De acuerdo con mi amigo, el que me contó todos estos pormenores, así como las pesadumbres y los malos ratos causan angustia, en una forma indescriptible, el éxito también causa zozobra. Explicó que cuando las cosas andan bien, la mente humana se empieza a preocupar sobre el posible advenimiento de infortunios. «No tiene sentido», agregó, «pero así somos los mortales, nos causa pavor la falta de problemas».

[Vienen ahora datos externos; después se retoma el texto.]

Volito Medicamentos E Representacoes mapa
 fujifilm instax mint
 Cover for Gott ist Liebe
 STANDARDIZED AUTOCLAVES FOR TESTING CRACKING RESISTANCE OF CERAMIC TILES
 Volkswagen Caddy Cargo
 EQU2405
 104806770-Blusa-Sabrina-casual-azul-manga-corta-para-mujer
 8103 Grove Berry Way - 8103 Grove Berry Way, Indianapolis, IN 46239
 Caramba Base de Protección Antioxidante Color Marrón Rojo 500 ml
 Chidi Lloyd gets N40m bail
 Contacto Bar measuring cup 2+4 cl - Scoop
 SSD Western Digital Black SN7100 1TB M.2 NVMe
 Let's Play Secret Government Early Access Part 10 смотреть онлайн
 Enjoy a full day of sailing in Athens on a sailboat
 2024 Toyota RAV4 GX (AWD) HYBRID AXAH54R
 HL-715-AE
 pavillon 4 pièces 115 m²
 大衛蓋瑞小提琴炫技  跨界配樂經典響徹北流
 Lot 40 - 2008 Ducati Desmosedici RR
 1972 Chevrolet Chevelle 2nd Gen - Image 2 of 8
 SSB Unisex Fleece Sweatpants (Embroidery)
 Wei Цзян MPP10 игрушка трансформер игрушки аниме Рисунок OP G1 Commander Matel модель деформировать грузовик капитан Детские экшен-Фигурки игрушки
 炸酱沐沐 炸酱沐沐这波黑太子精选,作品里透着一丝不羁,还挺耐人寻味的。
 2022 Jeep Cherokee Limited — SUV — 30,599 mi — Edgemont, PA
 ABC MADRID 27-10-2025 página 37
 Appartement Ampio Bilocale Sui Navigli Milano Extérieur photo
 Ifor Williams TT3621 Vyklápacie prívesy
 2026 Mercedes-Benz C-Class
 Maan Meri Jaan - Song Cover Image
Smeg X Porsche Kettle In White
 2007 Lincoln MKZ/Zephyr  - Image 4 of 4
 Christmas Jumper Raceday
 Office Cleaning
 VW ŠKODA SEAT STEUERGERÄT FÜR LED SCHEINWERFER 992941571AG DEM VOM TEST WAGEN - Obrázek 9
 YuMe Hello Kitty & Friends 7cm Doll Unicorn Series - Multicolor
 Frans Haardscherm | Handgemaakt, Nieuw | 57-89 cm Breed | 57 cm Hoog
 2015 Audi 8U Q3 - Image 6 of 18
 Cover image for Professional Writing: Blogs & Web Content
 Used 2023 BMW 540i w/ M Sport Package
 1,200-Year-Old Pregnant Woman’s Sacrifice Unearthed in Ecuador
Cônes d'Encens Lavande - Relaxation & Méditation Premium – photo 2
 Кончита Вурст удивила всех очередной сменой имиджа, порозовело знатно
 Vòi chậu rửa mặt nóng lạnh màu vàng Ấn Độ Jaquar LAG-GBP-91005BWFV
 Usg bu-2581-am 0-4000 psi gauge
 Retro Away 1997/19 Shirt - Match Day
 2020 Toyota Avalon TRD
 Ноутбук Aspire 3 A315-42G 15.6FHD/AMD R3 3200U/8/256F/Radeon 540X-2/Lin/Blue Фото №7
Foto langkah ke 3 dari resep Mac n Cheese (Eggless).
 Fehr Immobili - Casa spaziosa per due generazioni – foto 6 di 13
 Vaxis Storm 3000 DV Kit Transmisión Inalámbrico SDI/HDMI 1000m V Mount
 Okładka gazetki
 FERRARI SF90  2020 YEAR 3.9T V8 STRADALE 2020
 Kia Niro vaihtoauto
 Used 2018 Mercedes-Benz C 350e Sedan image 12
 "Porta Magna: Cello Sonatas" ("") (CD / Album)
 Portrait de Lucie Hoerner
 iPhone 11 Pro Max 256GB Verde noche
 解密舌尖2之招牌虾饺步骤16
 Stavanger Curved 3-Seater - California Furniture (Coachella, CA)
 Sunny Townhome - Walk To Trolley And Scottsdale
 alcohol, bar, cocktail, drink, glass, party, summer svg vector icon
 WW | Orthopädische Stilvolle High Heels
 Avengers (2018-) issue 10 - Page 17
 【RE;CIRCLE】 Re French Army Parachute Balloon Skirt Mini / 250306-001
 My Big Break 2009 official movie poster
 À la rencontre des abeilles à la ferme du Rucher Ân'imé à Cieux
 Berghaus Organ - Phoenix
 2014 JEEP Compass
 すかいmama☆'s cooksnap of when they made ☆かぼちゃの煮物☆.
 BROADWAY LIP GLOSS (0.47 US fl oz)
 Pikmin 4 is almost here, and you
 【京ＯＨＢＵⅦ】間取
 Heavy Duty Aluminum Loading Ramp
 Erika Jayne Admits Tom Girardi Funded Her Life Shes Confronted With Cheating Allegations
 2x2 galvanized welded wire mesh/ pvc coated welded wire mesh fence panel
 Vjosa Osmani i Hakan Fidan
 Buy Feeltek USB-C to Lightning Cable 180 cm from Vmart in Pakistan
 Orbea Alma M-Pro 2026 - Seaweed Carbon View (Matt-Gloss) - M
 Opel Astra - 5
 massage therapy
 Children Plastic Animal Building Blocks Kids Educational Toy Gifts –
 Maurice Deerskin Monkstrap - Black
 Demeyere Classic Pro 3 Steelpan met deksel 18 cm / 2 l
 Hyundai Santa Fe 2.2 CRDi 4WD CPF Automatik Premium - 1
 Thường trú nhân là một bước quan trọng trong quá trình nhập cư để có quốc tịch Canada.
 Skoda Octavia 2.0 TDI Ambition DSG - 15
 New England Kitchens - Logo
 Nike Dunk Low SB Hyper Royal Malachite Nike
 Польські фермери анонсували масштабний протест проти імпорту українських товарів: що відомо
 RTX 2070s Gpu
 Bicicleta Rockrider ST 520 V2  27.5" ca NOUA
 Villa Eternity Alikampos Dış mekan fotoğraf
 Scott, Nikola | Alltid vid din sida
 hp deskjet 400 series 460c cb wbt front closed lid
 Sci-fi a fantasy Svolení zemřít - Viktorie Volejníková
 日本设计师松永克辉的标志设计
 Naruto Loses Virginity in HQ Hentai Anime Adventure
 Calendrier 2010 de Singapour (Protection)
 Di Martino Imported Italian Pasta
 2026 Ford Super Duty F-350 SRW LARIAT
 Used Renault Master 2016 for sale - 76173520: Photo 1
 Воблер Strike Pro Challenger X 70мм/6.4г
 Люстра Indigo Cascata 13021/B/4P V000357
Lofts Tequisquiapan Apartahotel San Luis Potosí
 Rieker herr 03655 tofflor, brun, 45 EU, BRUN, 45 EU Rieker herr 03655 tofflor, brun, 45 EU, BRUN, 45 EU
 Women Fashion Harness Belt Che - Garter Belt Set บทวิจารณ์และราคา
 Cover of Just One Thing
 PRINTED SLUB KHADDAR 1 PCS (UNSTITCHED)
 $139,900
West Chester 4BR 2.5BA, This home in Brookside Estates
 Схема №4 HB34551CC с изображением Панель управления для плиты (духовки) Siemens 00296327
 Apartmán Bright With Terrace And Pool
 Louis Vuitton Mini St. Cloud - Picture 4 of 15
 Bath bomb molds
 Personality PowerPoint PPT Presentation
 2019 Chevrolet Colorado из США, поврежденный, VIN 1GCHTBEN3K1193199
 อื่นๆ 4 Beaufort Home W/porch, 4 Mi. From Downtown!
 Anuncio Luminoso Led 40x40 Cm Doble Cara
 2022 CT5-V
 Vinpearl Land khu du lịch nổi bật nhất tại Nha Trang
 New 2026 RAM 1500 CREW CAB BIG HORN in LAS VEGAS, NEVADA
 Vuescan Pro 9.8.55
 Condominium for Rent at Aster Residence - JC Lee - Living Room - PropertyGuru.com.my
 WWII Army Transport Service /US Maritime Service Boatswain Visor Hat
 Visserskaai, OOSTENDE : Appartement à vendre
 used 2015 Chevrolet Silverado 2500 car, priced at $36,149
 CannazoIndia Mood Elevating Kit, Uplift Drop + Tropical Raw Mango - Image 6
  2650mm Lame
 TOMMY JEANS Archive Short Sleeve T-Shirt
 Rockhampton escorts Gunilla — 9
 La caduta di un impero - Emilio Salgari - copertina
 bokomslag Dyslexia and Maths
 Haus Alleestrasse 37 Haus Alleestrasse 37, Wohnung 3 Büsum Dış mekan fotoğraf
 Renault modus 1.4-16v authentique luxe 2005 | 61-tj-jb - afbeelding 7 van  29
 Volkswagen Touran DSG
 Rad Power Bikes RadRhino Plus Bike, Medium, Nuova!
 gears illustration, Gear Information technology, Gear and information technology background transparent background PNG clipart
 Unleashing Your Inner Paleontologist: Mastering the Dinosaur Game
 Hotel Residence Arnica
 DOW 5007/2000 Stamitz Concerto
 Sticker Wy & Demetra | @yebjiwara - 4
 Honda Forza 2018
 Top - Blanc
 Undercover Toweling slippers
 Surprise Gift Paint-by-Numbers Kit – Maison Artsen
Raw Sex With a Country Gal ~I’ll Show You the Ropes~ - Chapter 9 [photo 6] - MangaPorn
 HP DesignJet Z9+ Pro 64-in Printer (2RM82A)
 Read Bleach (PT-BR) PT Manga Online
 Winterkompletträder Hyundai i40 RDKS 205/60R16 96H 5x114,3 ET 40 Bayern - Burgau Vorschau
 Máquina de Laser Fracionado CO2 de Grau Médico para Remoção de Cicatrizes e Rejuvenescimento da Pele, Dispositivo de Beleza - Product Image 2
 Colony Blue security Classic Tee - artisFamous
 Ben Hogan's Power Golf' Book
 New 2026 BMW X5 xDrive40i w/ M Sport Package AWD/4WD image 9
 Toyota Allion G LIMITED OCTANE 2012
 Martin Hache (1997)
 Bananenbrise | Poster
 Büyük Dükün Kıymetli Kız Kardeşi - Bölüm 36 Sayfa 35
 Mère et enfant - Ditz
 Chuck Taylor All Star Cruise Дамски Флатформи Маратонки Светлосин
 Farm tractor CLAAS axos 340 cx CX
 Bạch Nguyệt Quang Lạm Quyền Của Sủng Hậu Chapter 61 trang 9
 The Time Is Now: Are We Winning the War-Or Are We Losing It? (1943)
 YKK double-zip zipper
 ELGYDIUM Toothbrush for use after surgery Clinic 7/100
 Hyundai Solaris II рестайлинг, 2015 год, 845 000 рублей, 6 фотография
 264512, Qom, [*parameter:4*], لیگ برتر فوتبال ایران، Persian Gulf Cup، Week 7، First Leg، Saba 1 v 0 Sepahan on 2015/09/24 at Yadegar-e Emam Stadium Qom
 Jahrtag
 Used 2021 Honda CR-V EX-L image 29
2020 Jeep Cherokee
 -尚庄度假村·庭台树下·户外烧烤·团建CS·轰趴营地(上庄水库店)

Yo no le puse mucha atención a lo dicho cuando me lo comentó, pero lo incluí en mis notas, y ahora que describo el estado de ánimo de José durante una similar coyuntura, con claridad veo lo que mi amigo me advirtió. Fue exactamente lo que le sucedió a José al llegar a esa planicie de su vida, cuando lo colmaba la prosperidad y su caminar terrenal iba viento en popa. Basado en lo que me había explicado mi amigo y en mi intuición, yo pude arribar a mi propia conclusión. El problema de José tenía que ver con la falta de objetivos por cumplir. A una temprana edad había logrado una relativa, pero sólida situación económica. Seguía trabajando como vendedor ambulante, pero lo hacía porque le gustaba hacerlo. Tenían suficiente dinero para enfrentar repetidas necesidades si fuera necesario. Los tres hijos en la universidad no necesitaban ayuda financiera, ni de él o de Tina. Además, nunca la habían aceptado. Ellos mismos se encargaban de sus gastos, trabajando y estudiando a la vez. El más chico, Francisco, aunque vivía con ellos por cuestiones de conveniencia y para hacerles compañía ya que aún estaba soltero, ganaba bien en su negocio de compraventa. En cierta forma, el dinero les sobraba a Tina y a José. Pero hacía falta algo. Nuevos objetivos más que todo, principalmente para él, ya que Tina no tenía esos espacios de ocio para «andar preocupándose». A ella mas bien le faltaba tiempo para llevar a cabo todos los planes que se proponía, entre ellos visitar a sus hijos en Morelia tres o cuatro veces al año.